DSK et la presse, la peur du videUn élément majeur du dispositif médiatique s’évapore. Avant son oblitération il brille de mille feux avant l’implosion, car tous les protagonistes du show médiatique savent qu’il manquera. Beaucoup a été investi sur l’image de D. Strauss-Kahn dans une mécanique médiatique bien réglée. T. Legrand en pleine dépression invitait le PS à suspendre le processus des primaires, l’annonce de la disparition du protagoniste principal l’ayant fortement ébranlé. B. Roger-Petit en donnera un bel exemple aussi dans son billet d’ouverture sur Le Plus, à base de sentiments, de dépit, instillant le doute, contredisant une photo pour verser dans le compassionnel “…le visage fermé afin de conserver un semblant de dignité en la terrible circonstance va nous hanter ?”. Tentative épistolaire de conjurer le mauvais sort. Une illustration de la presse (quasi unanime) qui tourne en boucle deux jours durant sur l’espoir fugace d’un complot. Dans aucune affaire aussi grave, on ne se sera donné autant de mal pour rendre possible ce genre d’hypothèse. Bien que probable, la manigance ne figure jamais dans les priorités des commentateurs optant toujours pour la version officielle, policière. Ce qui à lieu c’est la tentative folle d’un enfermement du public dans le mode de pensée des producteurs d’opinion. Le transfert de leurs frustrations quant à la possible disparition d’une figure chérie. D’un des leurs. Car il s’agit pour beaucoup d’une prise de position de caste. Une cooptation éditocratique pour un candidat qui a priori n’effarouche pas l’olympe des médias hexagonaux. Que représente D. Strauss-Kahn pour le citoyen en dehors de l’image que ses zélateur en ont donné ? C’est-à-dire une construction médiatique arrondie, lisse, présidentiable qui ne peut être soupçonnée d’un quelconque écart. Un avatar irréprochable à destination de M. Tout le monde. Loin du traitement de l’homme de la rue pris dans les tourments médiatico-judiciaires similaires.

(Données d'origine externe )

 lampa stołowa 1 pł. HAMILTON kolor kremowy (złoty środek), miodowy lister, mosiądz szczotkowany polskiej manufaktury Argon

Une grande partie de la médiasphère se trouve enfermée dans une hypothèse qu’elle n’arrive pas à accepter. Elle a massivement investi dans l’hypothèse DSK. Pour beaucoup la conversion a été douloureuse, le ralliement (a priori) au social libéralisme n’allait pas de soi. Apparaît une dissonance entre l’idée qu’ils se sont fait de leur champion et le chemin que prennent les évènements. Alors, le rééquilibre s’avère complexe, il faut réduire l’écart entre le souhaité, l’envié et les éléments qui se cristallisent sous leurs yeux. Dans l’impossibilité de modifier leurs croyances immédiatement, se propagent toutes sortes de scénarios jamais évoqués dans d’autres circonstances ou pour d’autres individus. Or dans cette perspective, les argumentaires les plus cocasses ont débondent, de “l’homme étant un séducteur, il ne peut s’adonner à ce type de comportement”, en passant pas “compte tenu de sa puissance il n’a pas besoin d’utiliser la force pour assouvir ses besoins” jusqu’aux enquêtes suivies de conclusions par des apprentis Sherlock Holmes à plus 6 000 km de là. Des explications plus ou moins fantaisistes pour remettre, en vain, le réel en consonance.

La question ici, n’est pas de statuer sur l’innocence de l’homme, car c’est impossible. Mais de contempler avec effarement le comportement irrationnel d’un univers médiatico-politique en perdition. Du simple fait de la mise en échec de l’un de ses favoris. Les hérauts ont perdu un de leurs champions, ils ne savent comment s’en remettre. Alors vient le concert de pleurnicheries dément et assourdissant, qu’ils infligent sans retenue à leurs ouailles.